Однажды мне пришлось работать над очень необычным материалом. В детской редакции был сценарий по книге Сергея Сергеевича Прокофьева «Автобиография», и требовалось записать передачу о детстве, о первых музыкальных впечатлениях этого замечательного композитора. Деревенская жизнь, усадьба, где отец был управляющим, уроки музыки, первое посещение оперы, первые сочинения. Задание предельно ясно, круг музыки, относящейся к этим годам, определен самим героем постановки. Казалось, запиши, не мудрствуя лукаво, слова, подложи упомянутые опусы Сережи, и все само сложится в давно известную классическую форму.
Но как только началась работа, как только текст разошелся по живым голосам, а скрытые в нем подробности определили места и время действия, все стало разваливаться или, во всяком случае, сопротивляться обычным, прекрасно работавшим во многих подобных постановках приемам.

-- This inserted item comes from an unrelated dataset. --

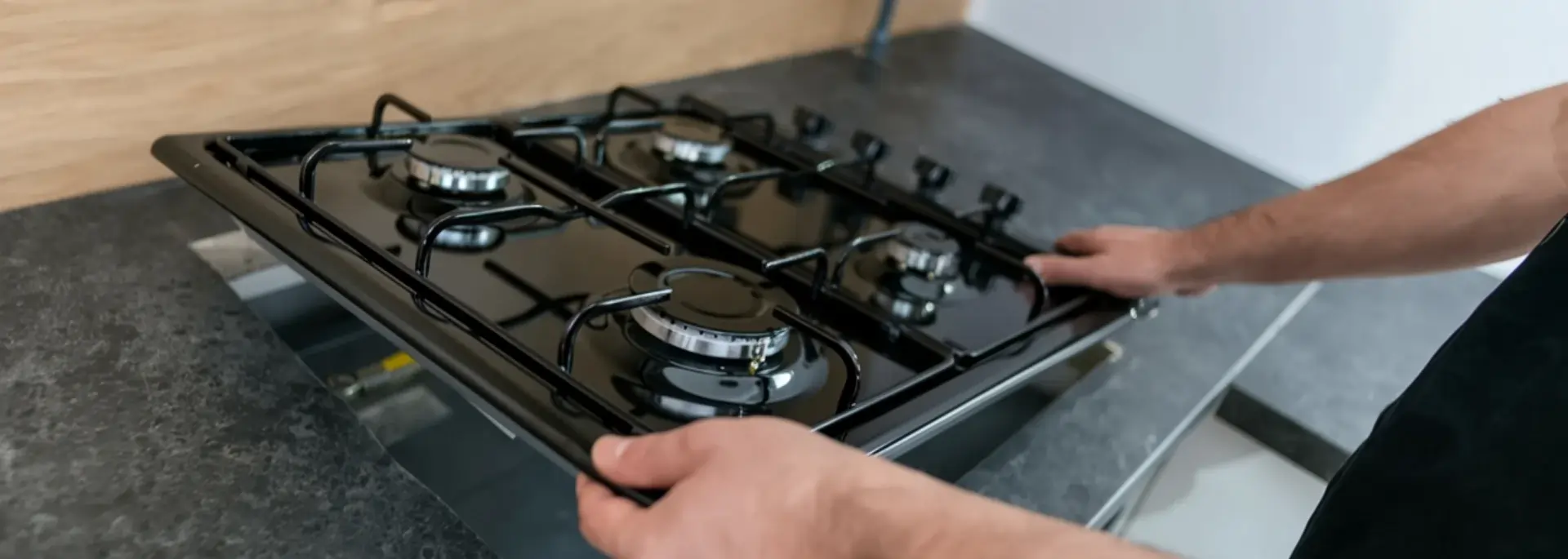  Gas Range Repair Near Me - Appliance Repair Oakville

Теперь я понимаю, что виной тому было давно сложившееся где-то в подсознании у каждого из нас представление о Прокофьеве, которое совершенно неотделимо от его сочинений, от звучания его музыки. Но первое, с чем мы столкнулись при внимательном рассмотрении, была сама манера прокофьевского повествования — в нашем сценарии это текст «от автора».
Книга написана несвойственным для воспоминаний, тем более для передачи о детстве, суховатым, «взрослым» языком. Обычно воспоминания бывают сладковатыми, и ребенок и его окружение получаются очень симпатичными и милыми. Может быть, это свойство человеческой памяти — хранить все хорошее и стараться отыскать в прошлом что-то получше, — а может, неопытность большинства мемуаристов, но мы давно привыкли к такой тональности рассказа. Книга же Прокофьева о его детстве написана каким-то жестким, очень, я бы сказал, документальным языком. Уж, во всяком случае, безжалостно по отношению к себе, к окружающим, к фактам. Это неизбежно убивает розовое обаяние детского бытия, но зато придает книге удивительную подлинность и дополнительную, почти зримую достоверность.

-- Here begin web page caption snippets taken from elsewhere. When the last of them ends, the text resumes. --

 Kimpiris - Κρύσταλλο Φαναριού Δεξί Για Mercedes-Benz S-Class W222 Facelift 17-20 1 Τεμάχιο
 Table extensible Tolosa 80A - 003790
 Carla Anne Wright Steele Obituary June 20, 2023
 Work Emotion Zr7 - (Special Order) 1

Когда такой материал предлагается для детской передачи, неминуемо возникает необходимость каким-то образом постоянно сохранять у слушателя ощущение, что все события, о которых идет речь, раскрываются не с позиции взрослого стороннего наблюдателя, а с точки зрения участника всего происходящего, теперь уже трезво и безжалостно относящегося к тем временам.
Только самому Прокофьеву позволено так говорить о старших, о прислуге в этом доме, наконец, о самих сочинениях мальчика Сережи Прокофьева. Отсюда само собой возникало желание не просто добросовестно читать пояснительный авторский текст и ремарки, а попытаться передать интонацию именно прокофьевского рассказа, его отношение к самому себе.
Мы начали с записи игровых сцен, дабы потом пояснительный текст автора читать уже с определенным отношением к тому, что изображено в той или иной звуковой картине. Дело вроде пошло гладко, хотя все-таки недоставало тех привычных деликатных напоминаний об исключительности героя, которые помогают слушателю с особым интересом следить за самыми простыми словами, поскольку эти простые слова сказаны совсем незаурядным человеком и потому таят в себе раскрытие далеко не обычных событий или поворотов замечательной судьбы.